I can think of two reasons why one would call a language parallel but no
concurrent. First this could obviously happen because somebody is not aware of
the meaning of the concepts or uses the words in a non-standard way but I
think this is probably not the case - I would be surprised if one designs a
concurrent/parallel language and does not know the distinction.
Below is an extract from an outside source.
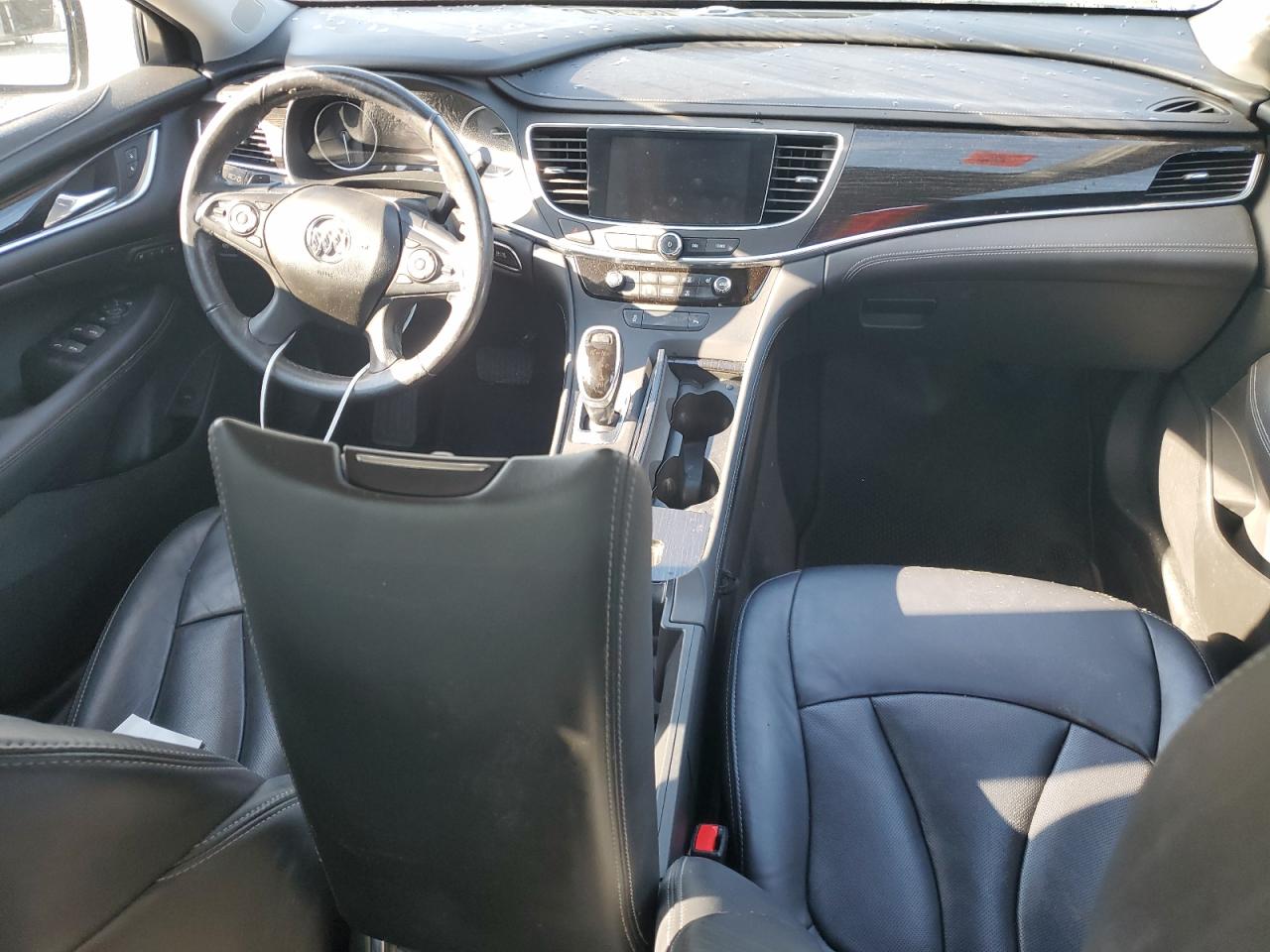 2018 Buick Lacrosse Essence VIN: 1G4ZP5SZ4JU127237 Lot: 70336795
My best guess is that the intended meaning of the statement is, that the
language is no good for general concurrent task but well suited for SIMD-like
concurrent tasks, that is running the some operations on multiple different
inputs in parallel. (I have to admit that I know nothing about Sawzall and did
not invest any time to figure this out, just guessing.)

------
fmstephe
I think the comment that synchronization around mutable data doesn't prevent
all data races (as in the nicked iphone and the bank acount debit and credit
example) is really important.

A very good discussion on this can be found between Rich Hickey and Cliff
Click on the Clojure mailing list

[http://www.azulsystems.com/blog/cliff/2008-05-27-clojure-
stm...](http://www.azulsystems.com/blog/cliff/2008-05-27-clojure-stms-vs-
locks)

This exposes an important, and to me non-obvious, property of concurrency.
That it's not the locking that's really hard, it's how to be sure that every
piece of related data is included in the lock (or STM).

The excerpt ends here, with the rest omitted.